Тринадцать миллиардов световых лет — естественная граница «наблюдаемой вселенной».

Правда, был случай, когда те же выводы прогрессивной теории Эйнштейна — Фридмана — Хаббла чуть не помогли вернуть былое могущество господу богу… Коль вселенная разлетается — значит, тем самым доказано, что некогда она была в виде сверхплотного ядра. Была… пока не произошел архивзрыв. А что послужило причиной? Кто дал первый толчок?

Бельгийский астроном, епископ Жорж Эдуард Леметр, объясняя физику расширяющейся вселенной, почувствовал явную необходимость в боге, высидевшем «первичное яйцо» вселенной. Кстати, о том же вопияла и вторая специальность Леметра. Но если опустить эту «маленькую слабость» епископа, астрономические работы Леметра лили воду на колесо прогресса.

Теория «большого взрыва» не едина.
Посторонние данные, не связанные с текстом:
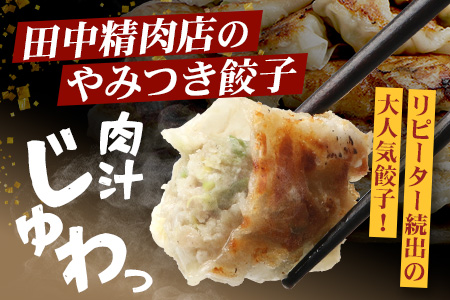 《リピーター続出！》佐多の田中肉屋 ニンニクたっぷりやみつき餃子 240個（12個入り×20パック） 餃子のタレ3本付き TA-2 | ぎょうざ 餃子 ギョウザ 豚肉 ひき肉 にんにく スタミナ餃子 焼くだけ 簡単 小分け 大容量 手作り お惣菜 おかず 冷凍 鹿児島県 南大隅町 田中精肉店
С нею до самого последнего времени успешно конкурировала теория постепенного расширения системы галактик и непрерывного «творения» материи на месте разбегающихся звездных островов.

Со взглядами ее авторов — Хойла, Бонди и Голда — любознательный читатель легко может познакомиться в следующем разделе этой главы.

4. Отречение Фрэда Хойла

Гипотеза «большого взрыва» с ее выводом о непрерывном изменении свойств вселенной удовлетворяла не всех ученых. Слишком велик был соблазн предполагать мир вечным и неизменным. Но как совместить с его неизменностью доказанное разбегание галактик? И астрономы Хойл, Бонди и Голд выдвигают любопытнейшую идею.

Они предположили, что по мере расширения вселенной в ней непрерывно и повсеместно рождается новая материя. И к тому времени, когда две галактики разлетаются на удвоенное расстояние, между ними, как птица Феникс, возникает третья. И снова предельные расстояния сохранены, плотность материи в одном и том же объеме неизменна.

Этот процесс, по мнению авторов гипотезы, должен происходить так медленно, что его невозможно обнаружить никакими приборами, находящимися в распоряжении человечества.

Решить спор гипотез могло только сравнение далекого прошлого с настоящим. Есть ли изменения? Если они есть, значит вселенная развивается, если изменений нет — она вечна и неизменна. Однако хорошенькое дело — съездить в прошлое. И все-таки в астрономии это оказалось возможным. Не забывайте, что астроном-астролог — это почти синоним колдуна, волшебника. Если к этому добавить еще возможности современной физики, то астрономия становится воистину наукой чудес.

Астрономы видят прошлое. Видят в буквальном смысле этого слова. От удаленных галактик лучи света летят к нам миллиарды лет. То есть мы видим эти миры такими, какими они были на заре образования нашей Земли. Так почему не сравнить их с близлежащими? Похожи ли они? Если да — вселенная неизменна. Нет — стоит задуматься.